*WHAT IS NEEDED*:
Reproduce each entry exactly as it reads. Leave the images out.

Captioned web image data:

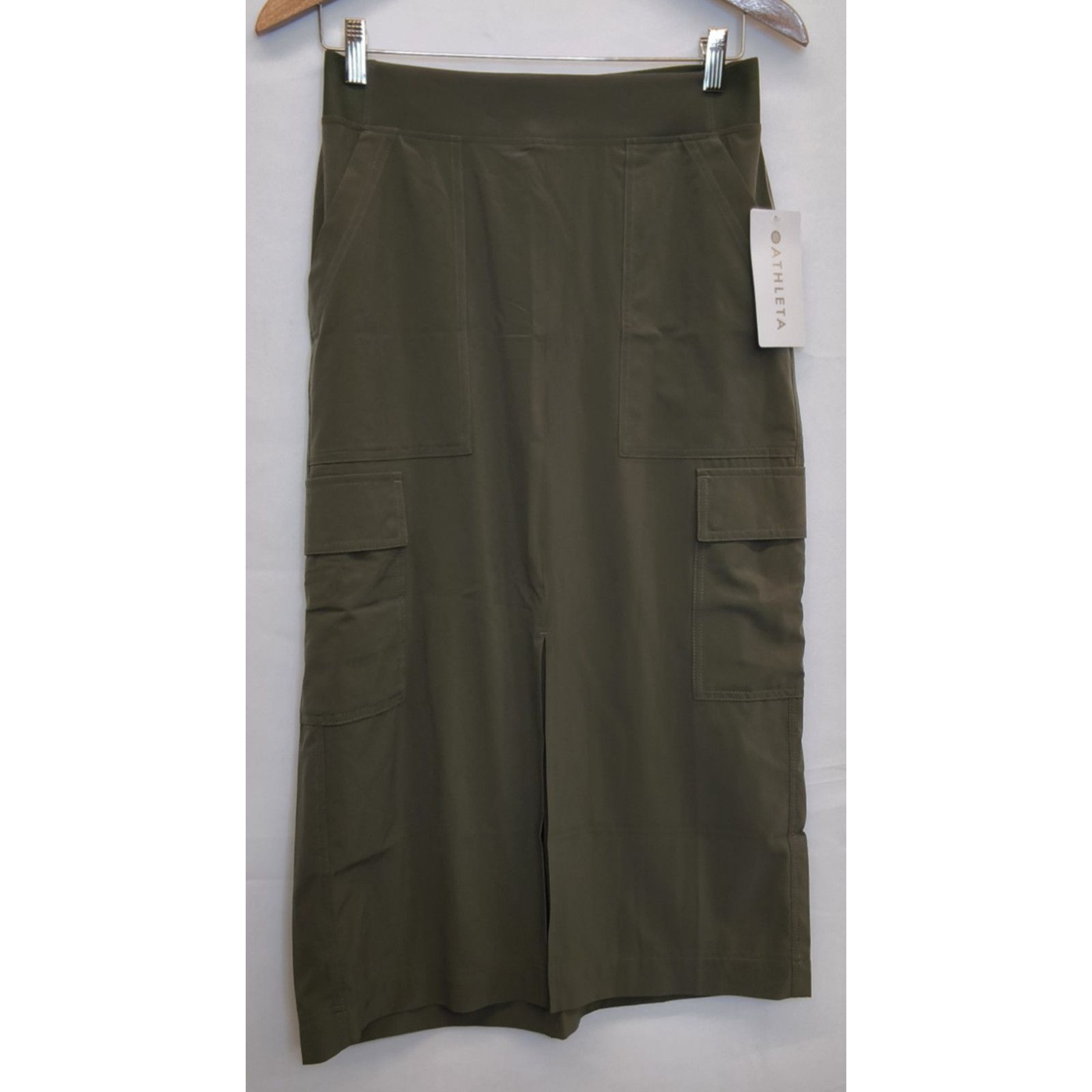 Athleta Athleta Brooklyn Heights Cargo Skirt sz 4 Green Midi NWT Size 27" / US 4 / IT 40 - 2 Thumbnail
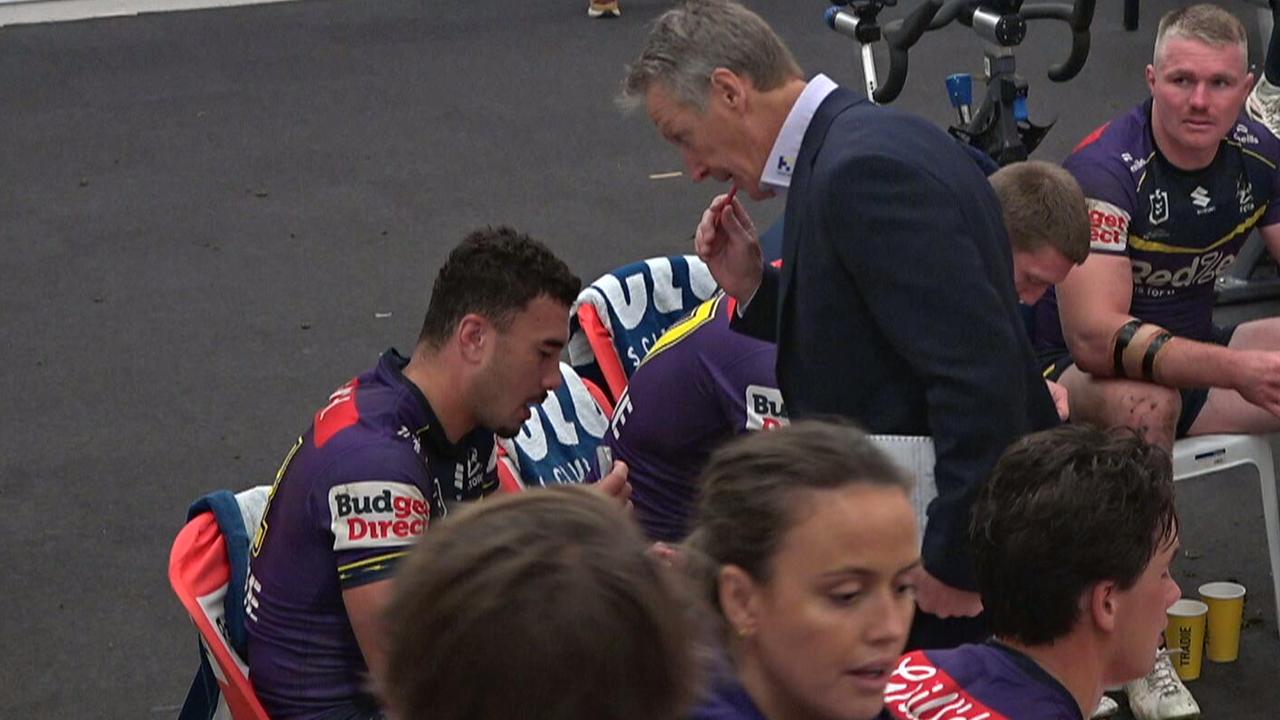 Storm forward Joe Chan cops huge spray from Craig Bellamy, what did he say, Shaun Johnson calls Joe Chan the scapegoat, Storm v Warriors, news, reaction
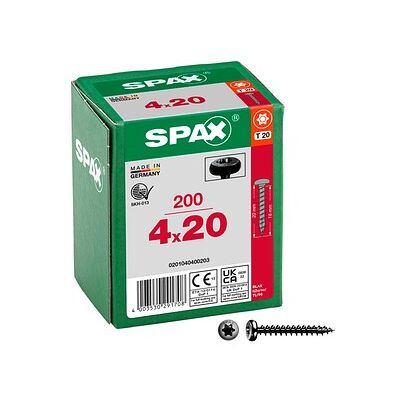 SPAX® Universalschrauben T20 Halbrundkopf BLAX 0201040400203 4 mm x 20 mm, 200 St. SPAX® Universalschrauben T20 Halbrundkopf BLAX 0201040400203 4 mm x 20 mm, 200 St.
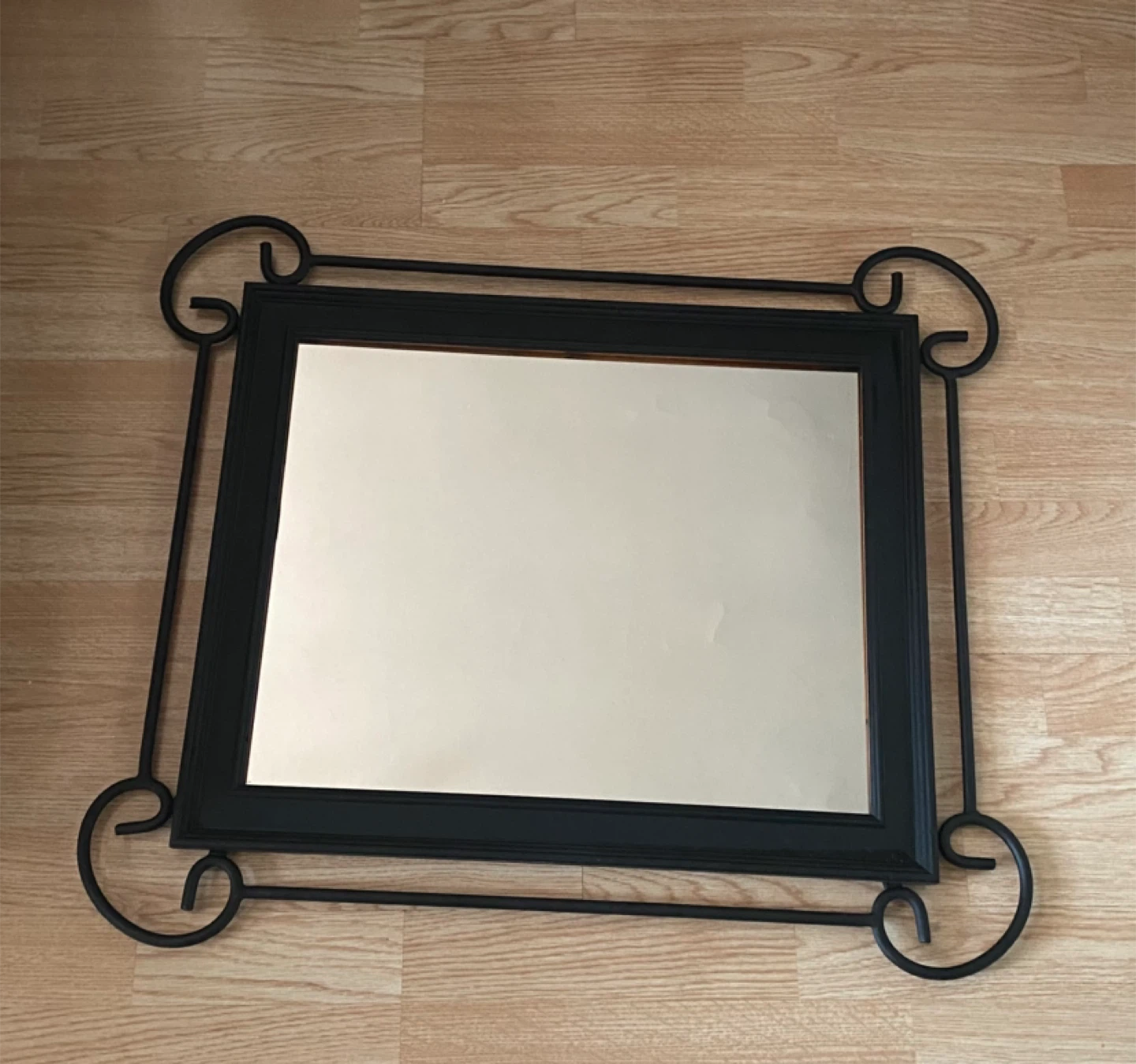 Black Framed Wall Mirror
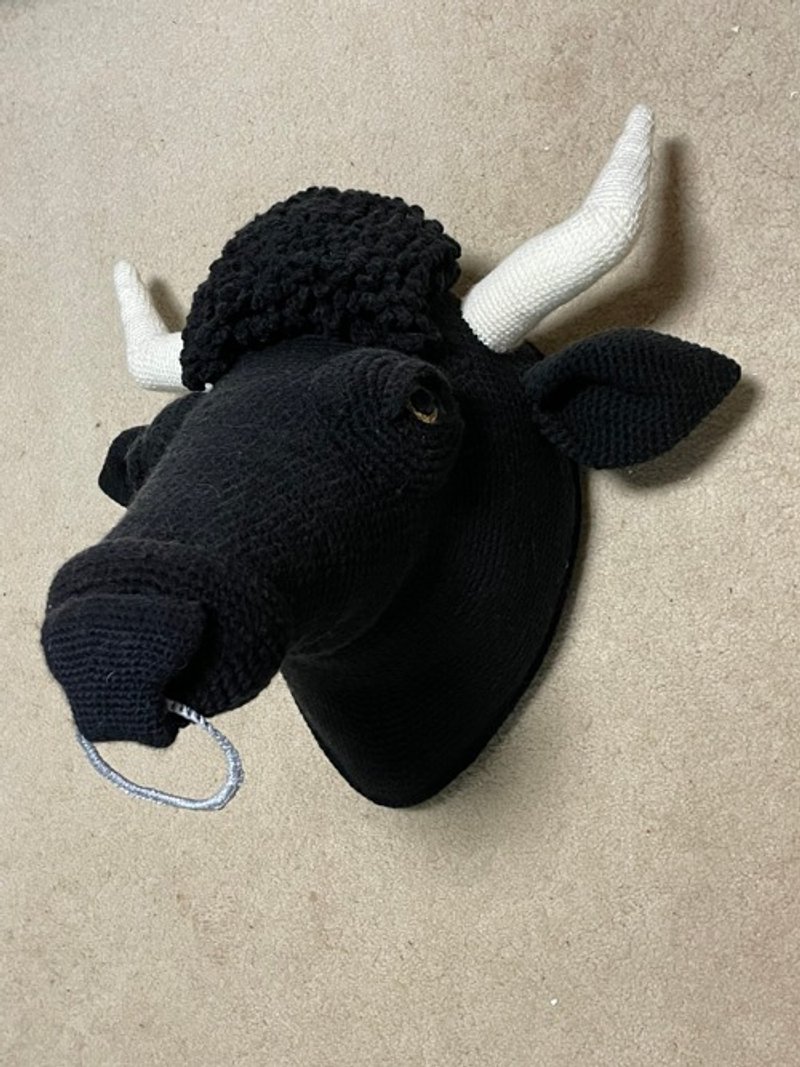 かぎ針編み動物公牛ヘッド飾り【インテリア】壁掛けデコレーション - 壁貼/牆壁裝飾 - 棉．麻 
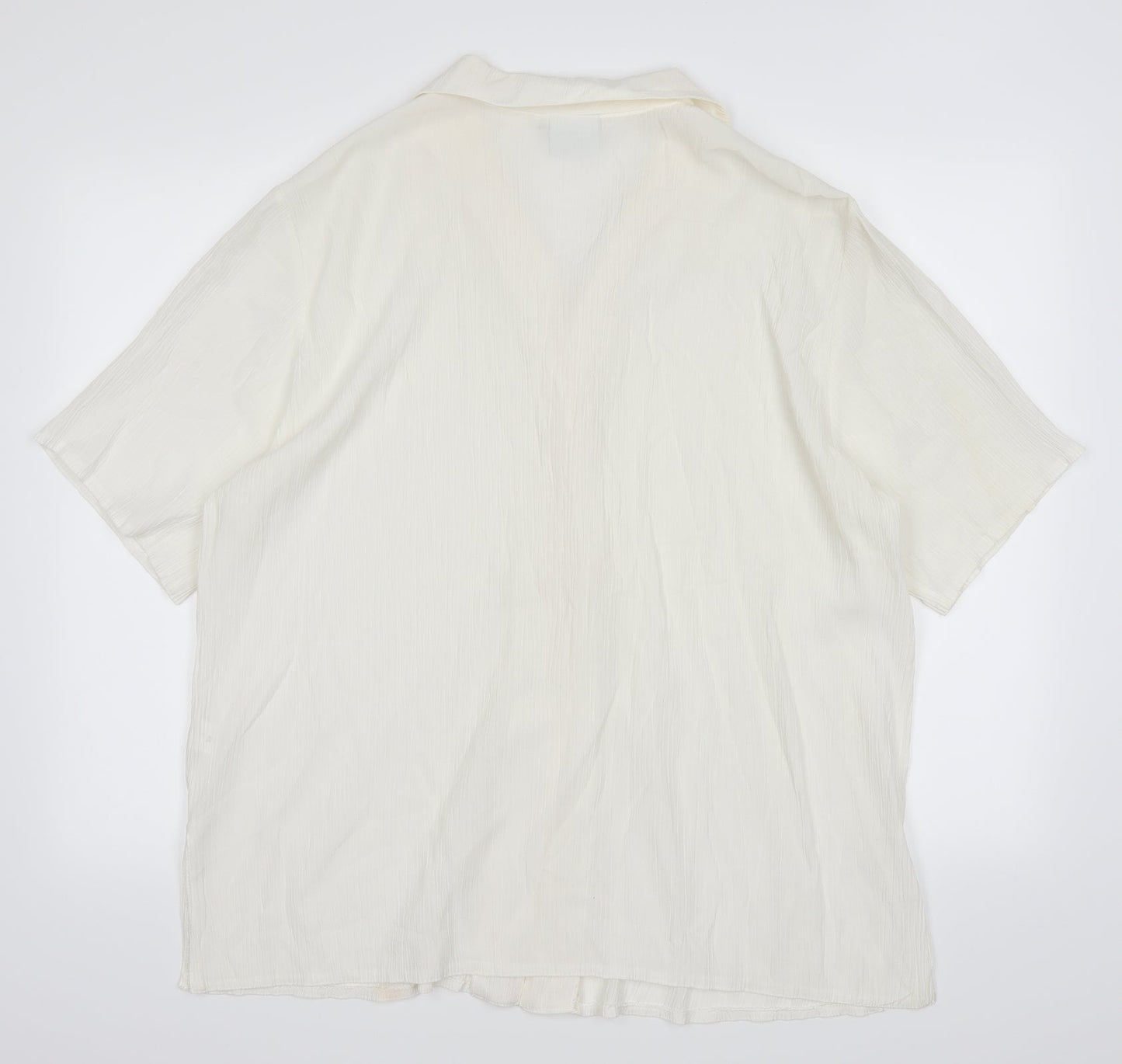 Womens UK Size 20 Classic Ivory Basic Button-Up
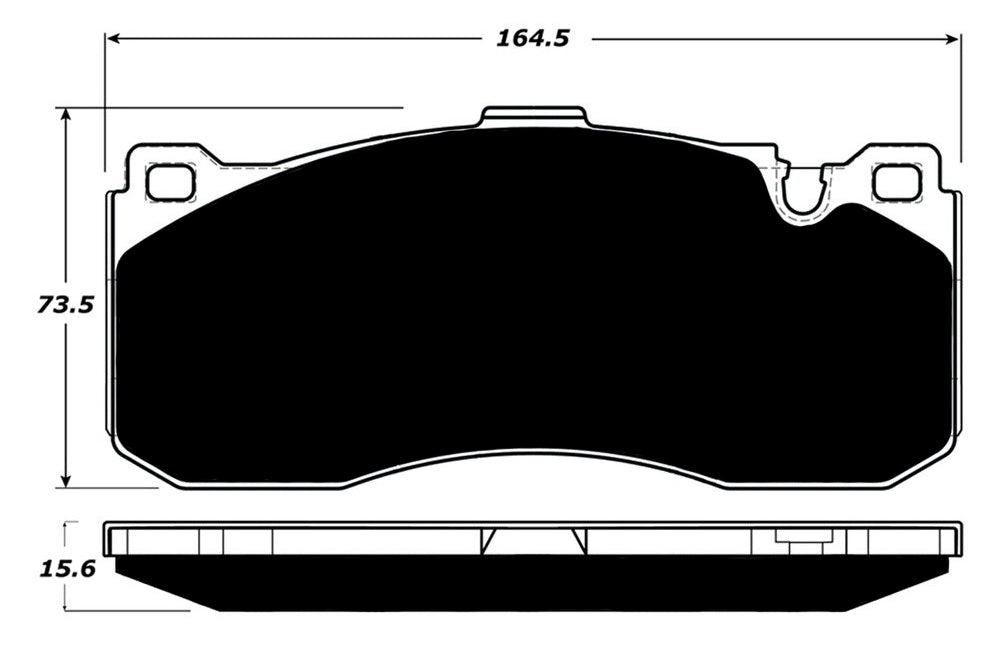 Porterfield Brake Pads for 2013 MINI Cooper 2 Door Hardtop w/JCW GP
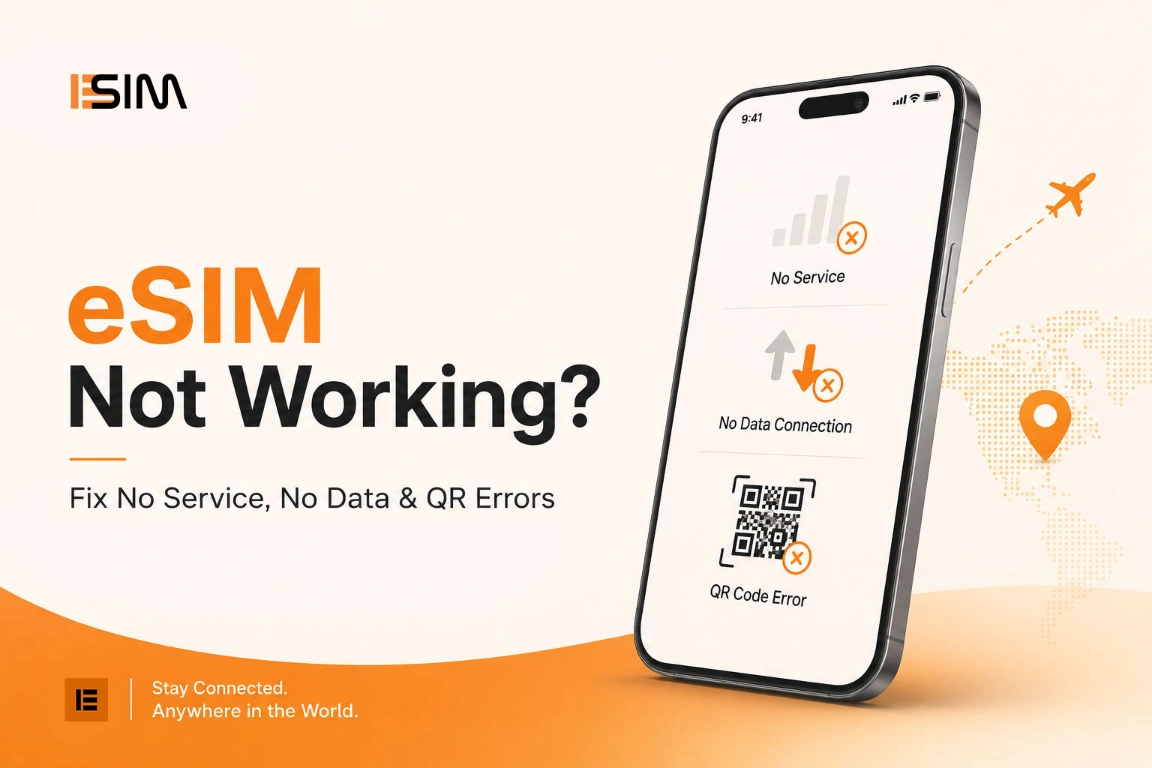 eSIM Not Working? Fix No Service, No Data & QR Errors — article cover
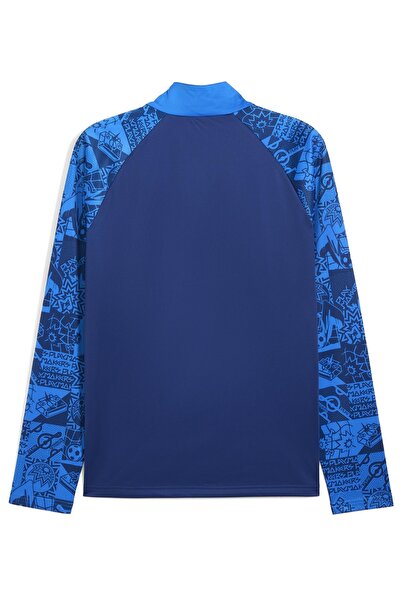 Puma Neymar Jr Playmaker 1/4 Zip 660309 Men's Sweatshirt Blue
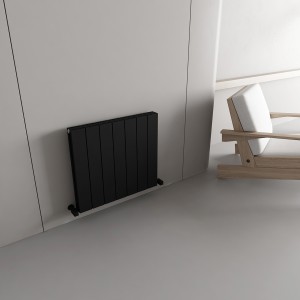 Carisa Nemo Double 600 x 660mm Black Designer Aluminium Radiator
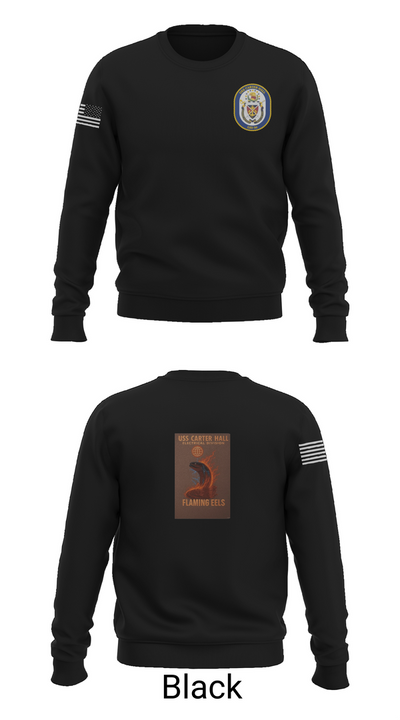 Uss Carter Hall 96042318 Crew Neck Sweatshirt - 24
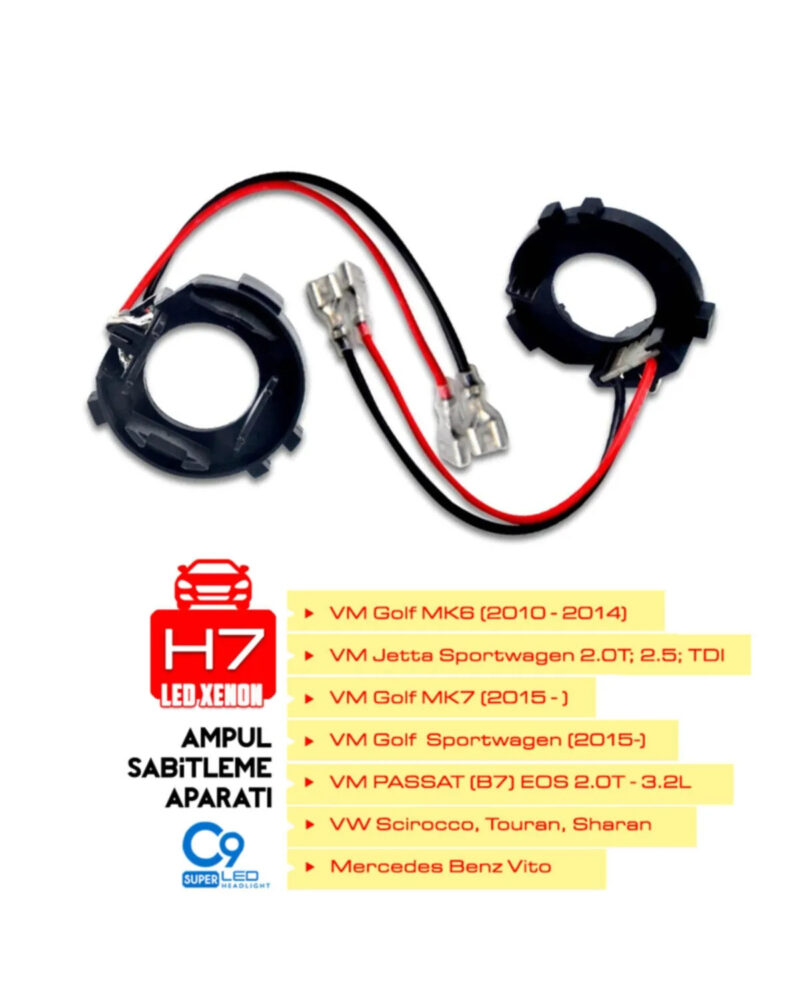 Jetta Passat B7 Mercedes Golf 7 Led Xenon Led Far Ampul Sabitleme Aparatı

*ANSWER SPACE*:
 Athleta Athleta Brooklyn Heights Cargo Skirt sz 4 Green Midi NWT Size 27" / US 4 / IT 40 - 2 Thumbnail
 Storm forward Joe Chan cops huge spray from Craig Bellamy, what did he say, Shaun Johnson calls Joe Chan the scapegoat, Storm v Warriors, news, reaction
 SPAX® Universalschrauben T20 Halbrundkopf BLAX 0201040400203 4 mm x 20 mm, 200 St. SPAX® Universalschrauben T20 Halbrundkopf BLAX 0201040400203 4 mm x 20 mm, 200 St.
 Black Framed Wall Mirror
 かぎ針編み動物公牛ヘッド飾り【インテリア】壁掛けデコレーション - 壁貼/牆壁裝飾 - 棉．麻 
 Womens UK Size 20 Classic Ivory Basic Button-Up
 Porterfield Brake Pads for 2013 MINI Cooper 2 Door Hardtop w/JCW GP
 eSIM Not Working? Fix No Service, No Data & QR Errors — article cover
 Puma Neymar Jr Playmaker 1/4 Zip 660309 Men's Sweatshirt Blue
 Carisa Nemo Double 600 x 660mm Black Designer Aluminium Radiator
 Uss Carter Hall 96042318 Crew Neck Sweatshirt - 24
 Jetta Passat B7 Mercedes Golf 7 Led Xenon Led Far Ampul Sabitleme Aparatı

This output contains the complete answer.